Jiddu
Krishnamurti (*)
ELE HAVIA LIDO MUITÍSSIMO;
e embora fosse pobre, considerava-se rico em conhecimento, o que lhe dava
alguma felicidade. Passava muitas horas com seus livros e grande parte do tempo
sozinho. Sua mulher havia morrido e seus dois filhos estavam com alguns
parentes; e ele estava bem contente de estar afastado da confusão de todos os
relacionamentos, acrescentou. Era estranhamente auto-suficiente, independente e
tranquilamente decidido. Percorrerá um longo caminho, disse, para entrar na
questão da meditação e especialmente para considerar o uso de certos cânticos e
frases, cuja repetição constante era extremamente útil para a pacificação da
mente. Além disso, existia certa mágica nas próprias palavras: as palavras
devem ser pronunciadas corretamente e cantadas da forma correta. Essas palavras
foram transmitidas às gerações seguintes desde os tempos antigos; e a própria
beleza das palavras, com sua cadência rítmica, produzia uma atmosfera útil à
concentração. E sem demora começou a cantar. Ele tinha uma voz agradável e
havia uma melodia nascida do amor das palavras e do seu significado; ele cantou
com a facilidade que vem da longa prática e da devoção. No momento em que
começou a cantar, desligou-se de tudo.
Do outro lado do campo
veio o som de uma flauta; era tocada de modo hesitante, mas a sonoridade era
clara e pura. O músico estava sentado à farta sombra de uma frondosa árvore, e
além dele, ao longe, estavam as montanhas. As montanhas silenciosas, o cântico
e o som da flauta pareciam encontrar-se e sumir, para começar novamente. Os
papagaios barulhentos passavam rapidamente; e mais uma vez as notas da flauta e
o cântico grave e poderoso. Era de manhã cedo e o sol surgia por cima das
árvores. As pessoas iam de seus povoados para a cidade, conversando e rindo. A
flauta e o cântico eram insistentes, e
algumas pessoas pararam para ouvir; sentaram-se na estradinha e foram
capturadas pela beleza do cântico e pela glória da manhã, que não foi
absolutamente perturbada pelo apito de um trem distante; pelo contrário, todos
os sons pareciam mesclar-se e encher a
terra. Mesmo o alto crocitar de um corvo não destoou.
Como somos
estranhamente capturados pelo som das palavras e como as próprias palavras se
tornaram importantes para nós: nação, Deus, sacerdote, democracia, revolução.

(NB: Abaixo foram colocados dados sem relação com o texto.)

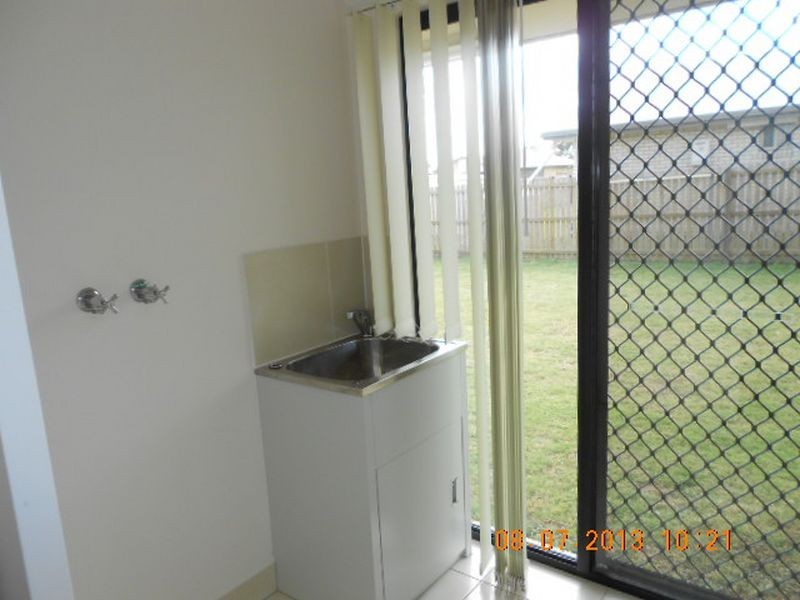 14 Jane Crescent, Gracemere QLD 4702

Vivemos de palavras e nos deliciamos com as sensações que elas produzem; e são
essas sensações que se tornaram tão importantes. As palavras são prazerosas
porque seus sons despertam novamente sensações esquecidas; e sua satisfação é
maior quando as palavras são substituídas pelo real, pelo que é. Tentamos preencher nosso vazio
interior com palavras com sons, com
barulhos, com atividades; a música e o cântico são uma fuga feliz de nós
mesmos, de nossa insignificância e de nosso tédio. As palavras enchem nossas bibliotecas;
e como falamos incessantemente! Dificilmente ousamos estar sem um livro,
desocupados, sozinhos. Quando estamos sós, a mente está inquieta, vagando por
toda parte, preocupando-se, recordando, lutando; assim, não existe nunca a
disposição de estar só, a mente está tranqüila.
Obviamente, a mente
pode ser aquietada pela repetição de uma palavra, de um cântico, de uma prece.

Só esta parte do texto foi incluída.